**Entries provided**
• • • • •
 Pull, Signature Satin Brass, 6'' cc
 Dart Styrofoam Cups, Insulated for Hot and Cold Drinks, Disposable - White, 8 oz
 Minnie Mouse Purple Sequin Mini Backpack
• • • • •
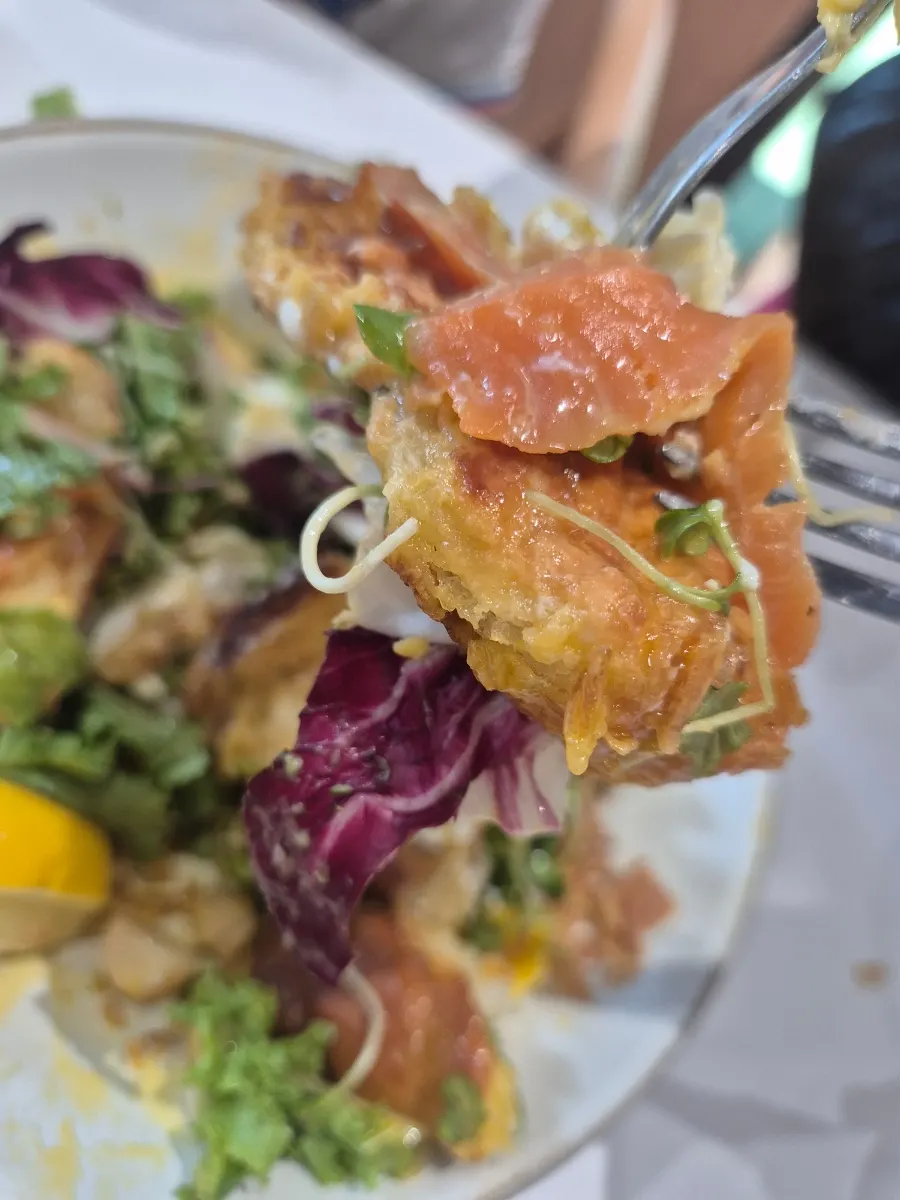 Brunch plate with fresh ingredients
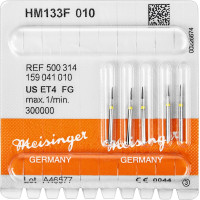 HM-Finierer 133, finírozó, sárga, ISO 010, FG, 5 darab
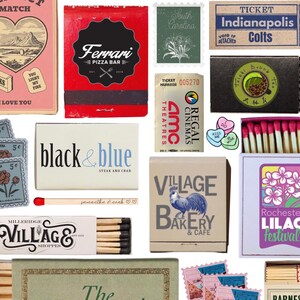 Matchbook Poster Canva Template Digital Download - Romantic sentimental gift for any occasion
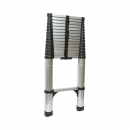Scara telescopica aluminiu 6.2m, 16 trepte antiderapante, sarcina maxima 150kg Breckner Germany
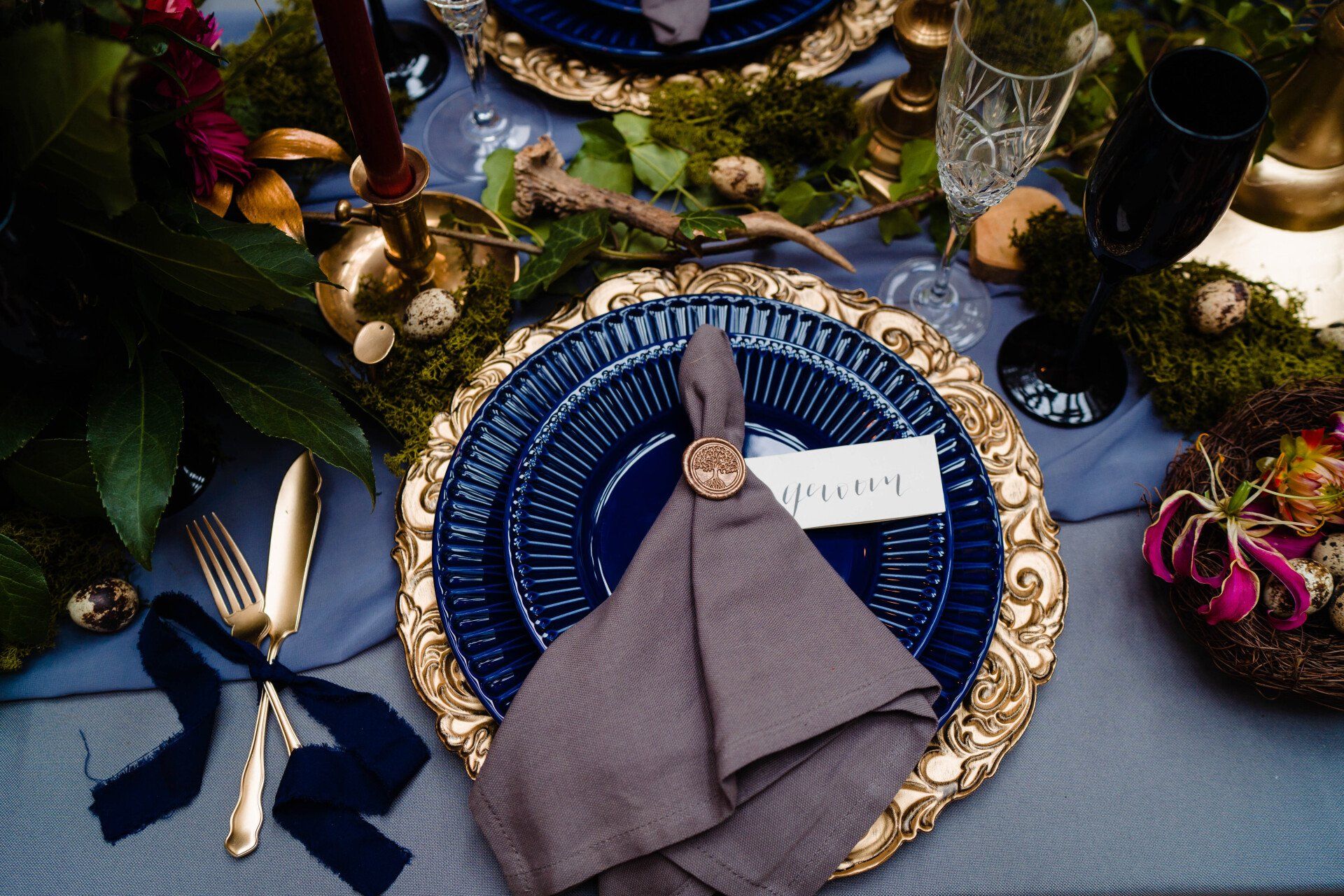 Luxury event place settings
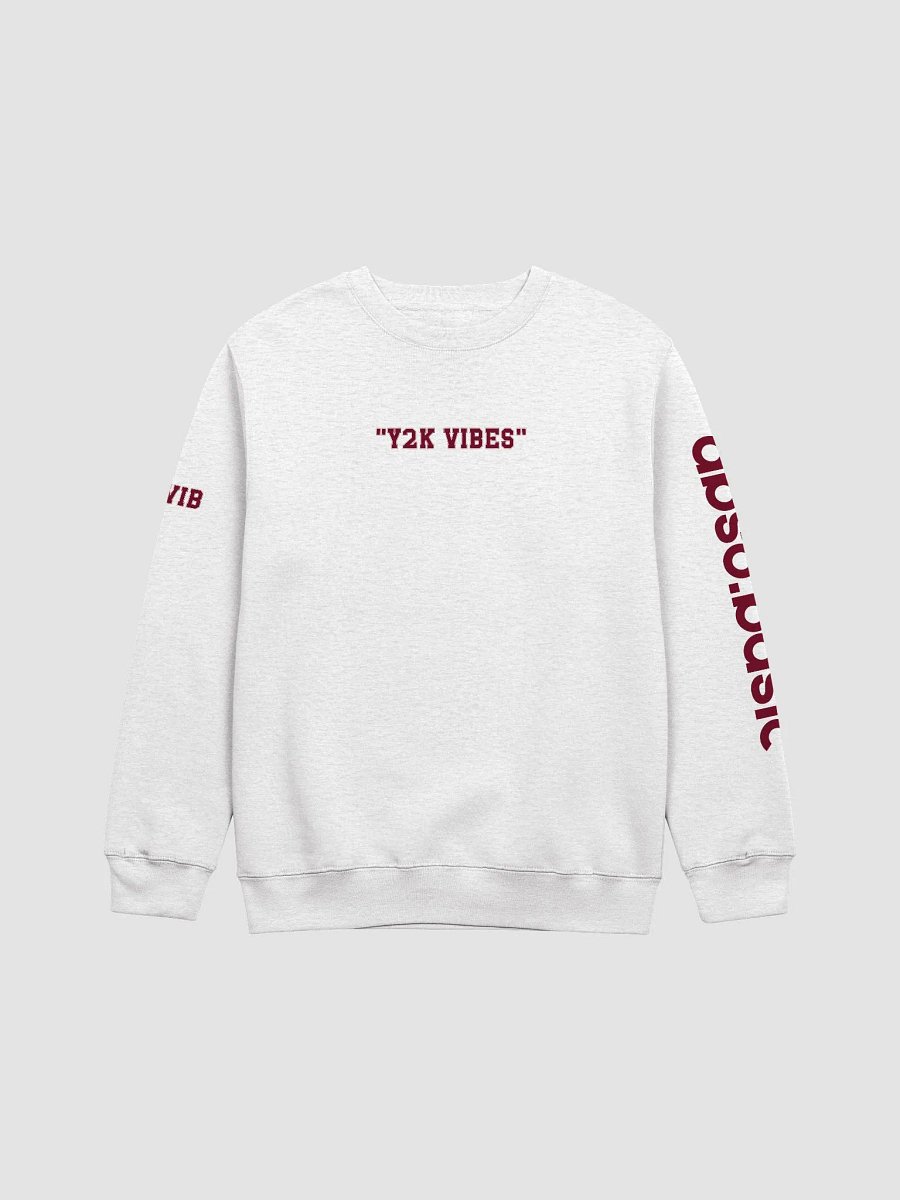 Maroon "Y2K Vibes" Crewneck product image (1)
• • • • •
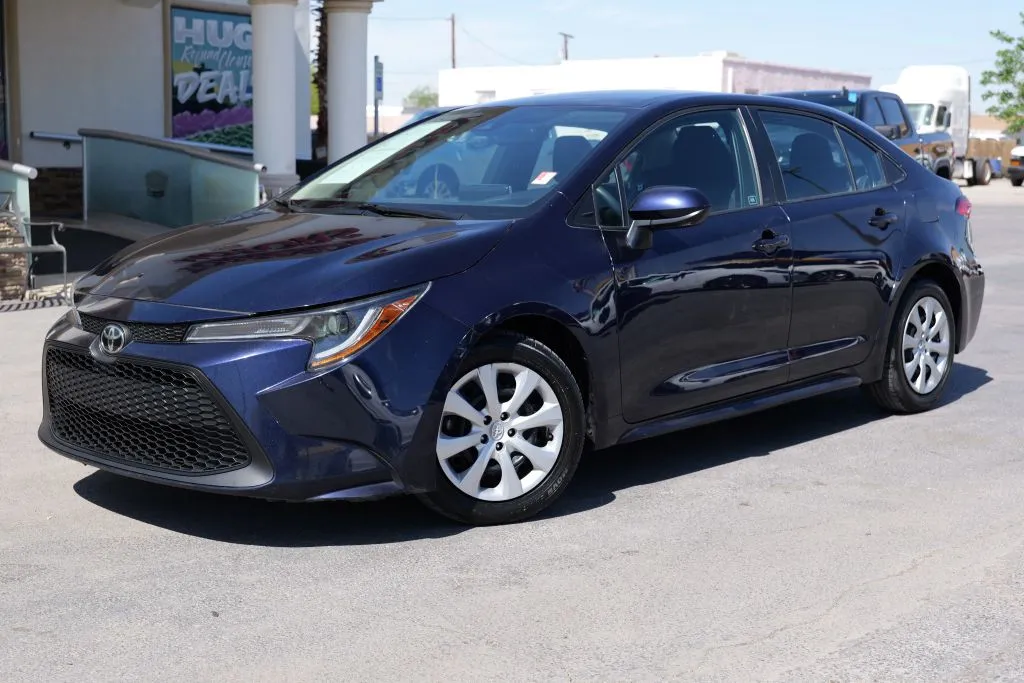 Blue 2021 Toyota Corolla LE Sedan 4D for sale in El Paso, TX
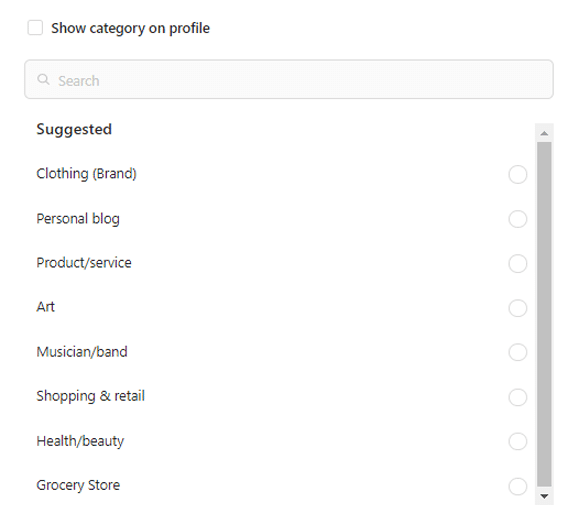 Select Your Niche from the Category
• • • • •
**Assignment**
If a picture sits between the line containing "HM-Finierer 133, finírozó, sárga, ISO" and the line containing "product image (1)", leave it out, and return the lines of that range above exactly, both ends included.

**Written answer**
 HM-Finierer 133, finírozó, sárga, ISO 010, FG, 5 darab
 Matchbook Poster Canva Template Digital Download - Romantic sentimental gift for any occasion
Scara telescopica aluminiu 6.2m, 16 trepte antiderapante, sarcina maxima 150kg Breckner Germany
 Luxury event place settings
 Maroon "Y2K Vibes" Crewneck product image (1)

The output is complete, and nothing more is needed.